### 1. What is statistics, and why is it important?

Statistics is the study of collecting, analyzing, interpreting, presenting, and organizing data. It is essential for making informed decisions.

### 2. What are the two main types of statistics?

Descriptive statistics and inferential statistics.

### 3. What are descriptive statistics?

They summarize and describe features of a dataset (e.g., mean, median, mode).

### 4. What is inferential statistics?

They make predictions or generalizations about a population based on a sample.

### 5. What is sampling in statistics?

Sampling is selecting a subset of a population for analysis.

### 6. What are the different types of sampling methods?

Simple random, stratified, systematic, cluster, convenience, and quota sampling.

### 7. What is the difference between random and non-random sampling?

Random sampling gives all elements an equal chance; non-random does not.
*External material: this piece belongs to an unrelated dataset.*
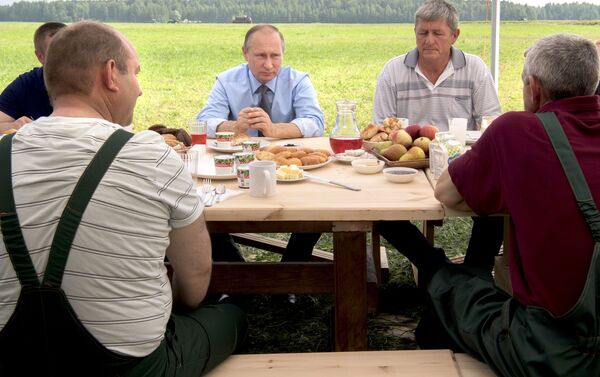 Putin toma yogur en la región de Tver - Sputnik Mundo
### 8. Define and give examples of qualitative and quantitative data

Qualitative: non-numeric (e.g., color), Quantitative: numeric (e.g., height).
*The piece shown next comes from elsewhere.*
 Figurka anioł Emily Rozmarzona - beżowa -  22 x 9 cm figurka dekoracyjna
### 9. What are the different types of data in statistics?

Nominal, ordinal, interval, and ratio.

### 10. Explain nominal, ordinal, interval, and ratio levels of measurement

Nominal: categories, Ordinal: order, Interval: numeric no true zero, Ratio: numeric with true zero.

### 11. What is the measure of central tendency?

A single value that describes the center of a dataset (mean, median, mode).

### 12. Define mean, median, and mode

Mean: average, Median: middle value, Mode: most frequent value.

### 13. What is the significance of the measure of central tendency?

Helps summarize data with a single representative value.

### 14. What is variance, and how is it calculated?

Variance measures spread; calculated as the average of squared differences from the mean.

### 15. What is standard deviation, and why is it important?

It shows how much data deviates from the mean.

### 16. Define and explain the term range in statistics

Range = max - min; shows data spread.

### 17. What is the difference between variance and standard deviation?

Standard deviation is the square root of variance.

### 18. What is skewness in a dataset?

Skewness describes asymmetry of a distribution.

### 19. What does it mean if a dataset is positively or negatively skewed?

Positive skew: right tail; Negative skew: left tail.

### 20. Define and explain kurtosis

Kurtosis measures tail heaviness or lightness of data distribution.

### 21. What is the purpose of covariance?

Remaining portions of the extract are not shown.